M.
Reed
- August
2, 2000
Why
the market is necessary
Data warehousing is an integral part of the "information age". Corporations
have long known that some of the keys to their future success could be
gleaned from their existing data, both current and historical. Until approximately
1990, many factors made it difficult, if not impossible, to extract this
data and turn it into useful information. Some examples:
- Data
storage peripherals such as DASD (Direct Access Storage Device) were
extremely expensive on a per-megabyte basis. Therefore, much of the
needed data was stored offline, typically on magnetic tape.
- Processing
power was very expensive as measured in MIPS (Millions of Instructions
per Second). Mainframes had to reserve most of their processing power
for day-to-day operations, reports could only be run overnight in batch
mode (without interaction from the user).
- Relational
database technology was still in its infancy, and server engines were
not powerful enough to support the data loads required.
- The type
of programming that had to be done with third generation languages (3GL's)
was tedious and expensive. Fourth generation languages were needed to
abstract some of the required coding, but 4GL's were still in their
infancy.
Most
operational data is stored in what is referred to as an OLTP (On-Line
Transaction Processing) system. These systems are specifically designed
for high levels of transaction volume with many concurrent users. If the
database is relational, it has probably been "normalized" (the process
of organizing data in accordance with the rules of a relational database).

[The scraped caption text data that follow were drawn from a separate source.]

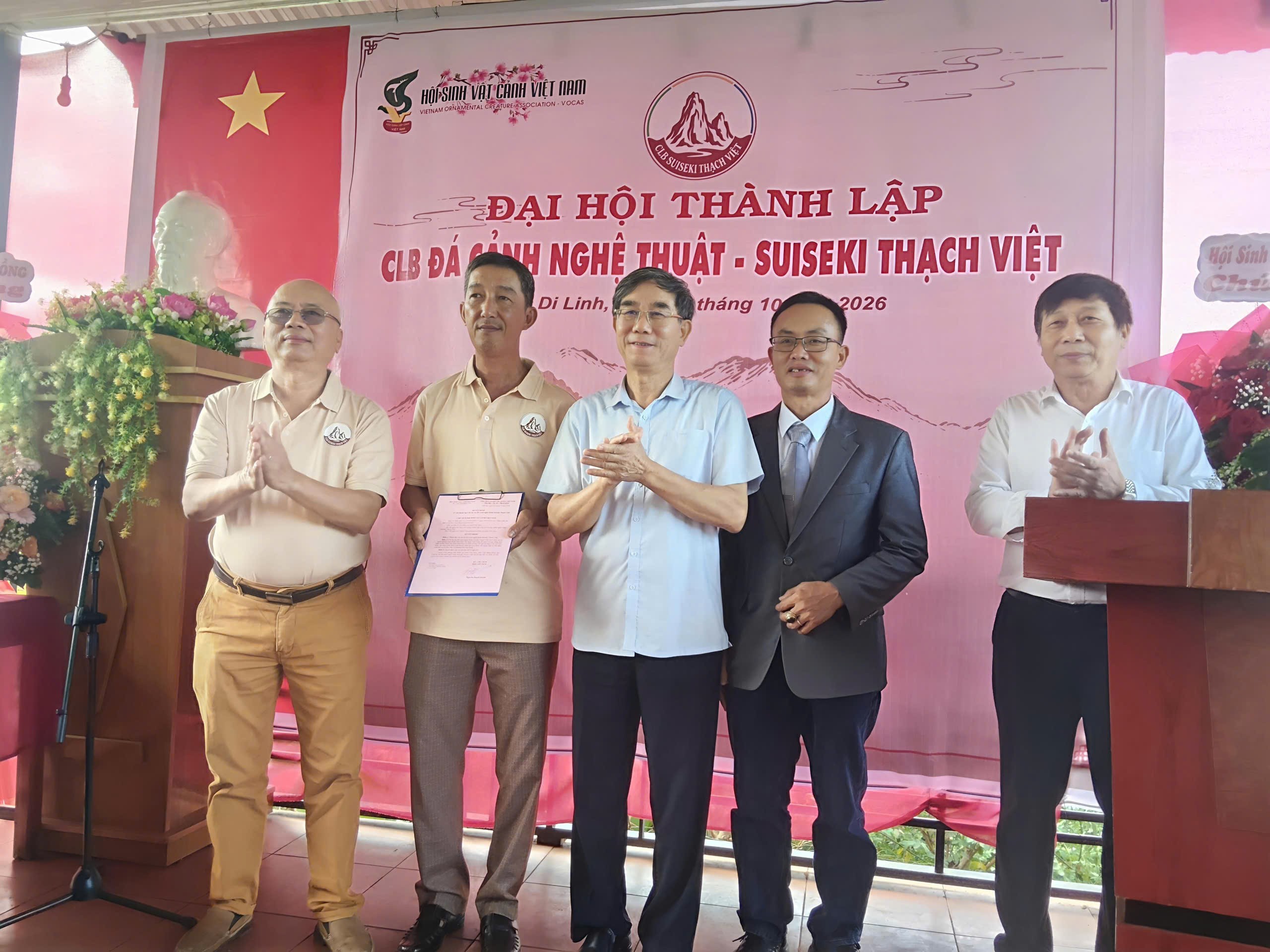 Đại hội thành lập CLB Đá cảnh nghệ thuật – Suiseki Thạch Việt: dấu mốc mới trong hành trình phát triển nghệ thuật đá cảnh Việt Nam Đại hội thành lập CLB Đá cảnh nghệ thuật – Suiseki Thạch Việt: dấu mốc mới trong hành trình phát triển nghệ thuật đá cảnh Việt Nam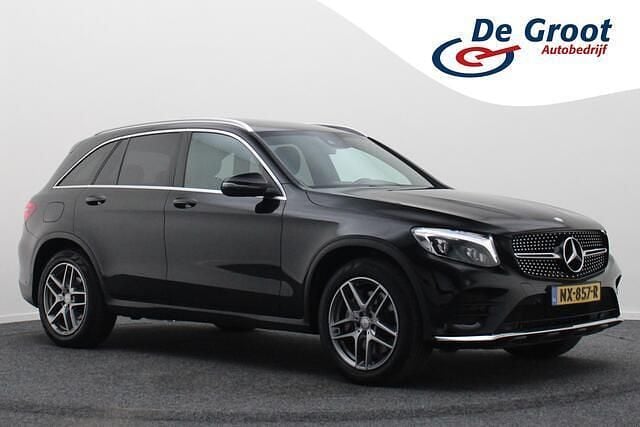 Zwart, metallic lak Gebruikt 2016 Mercedes GLC250 Prestige SUV | € 27.950 (Eerlijke prijs) - Afbeelding 1/4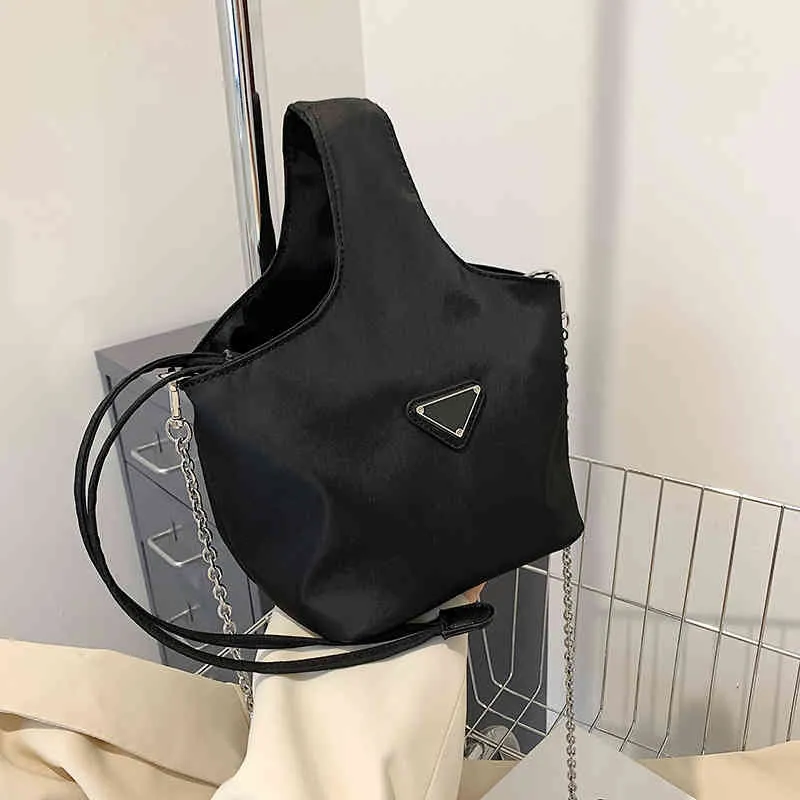 Handbags 70% Off 2022 new casual bucket bag nylon cloth portable vegetable basket damp style One Shoulder Messenger Bag Purses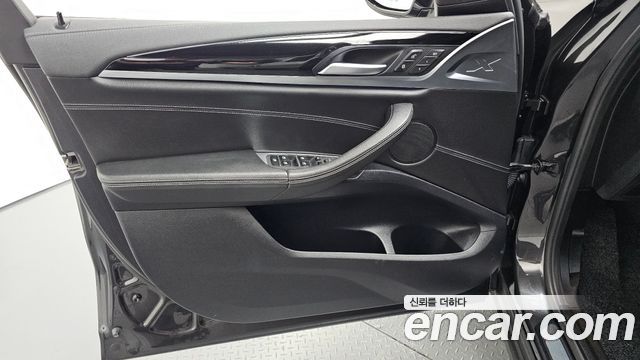 BMW X3 2018 — photo 14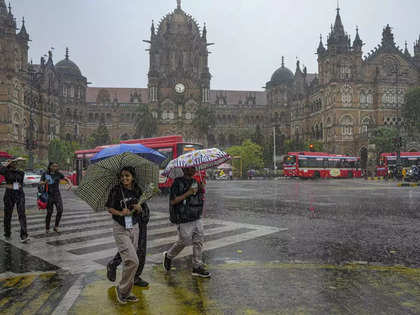 Intermittent showers continue in Mumbai; road traffic affected in some areas, water stock in lakes rises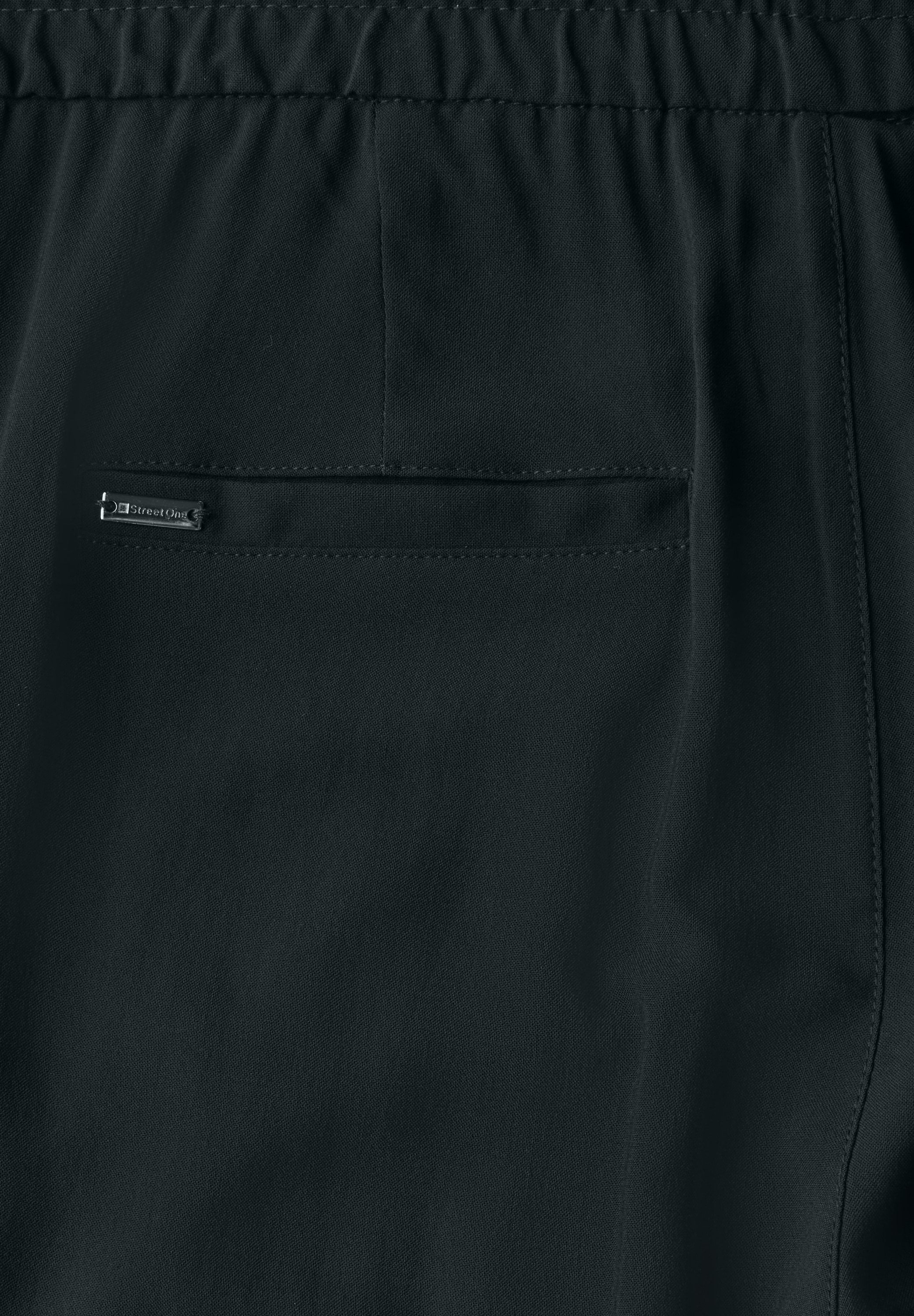 STREET ONE Stoffhose, mit seitlichen Einschubtaschen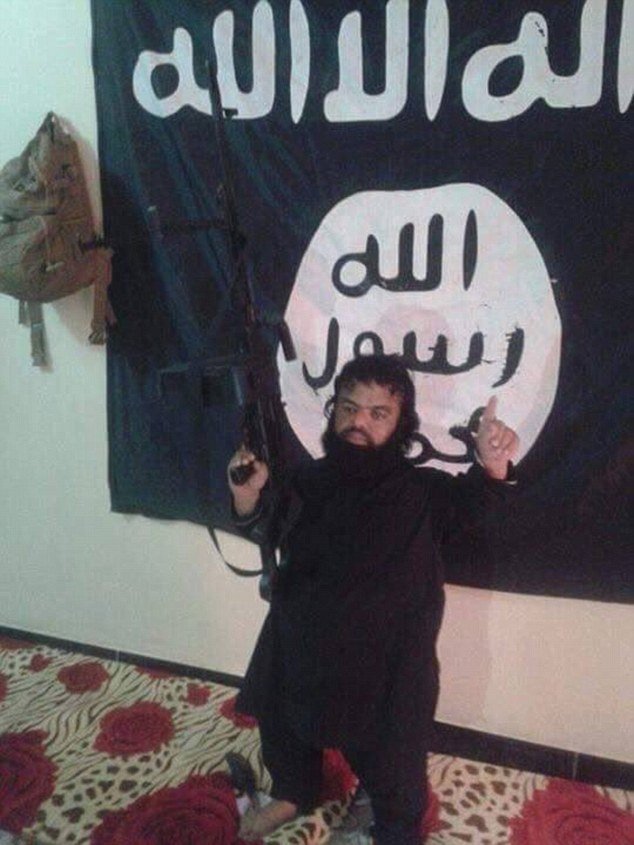 Nejmenší terorista na světě: Řady ISIS rozšířil tento liliput.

If the database is non-relational, custom programs have to be written
to store and retrieve data from the database. (This is often accomplished
with the COBOL programming language). Whether relational or non-relational,
the very design that makes an OLTP system efficient for transaction processing
makes it inefficient for end-user queries. In the 1980's, many business
users referred to their mainframes as "the black hole", because all the
information went into it, but none ever came back out - all requests for
reports had to be programmed by the Information Systems staff. Only "pre-canned"
reports could be generated on a scheduled basis, ad-hoc real-time querying
was virtually impossible.
To
resolve these issues, data warehousing was created. The theory was to
create a database infrastructure that was always on-line, contained all
the information from the OLTP systems, including historical data, but
structured in such a way that it was fast and efficient for querying.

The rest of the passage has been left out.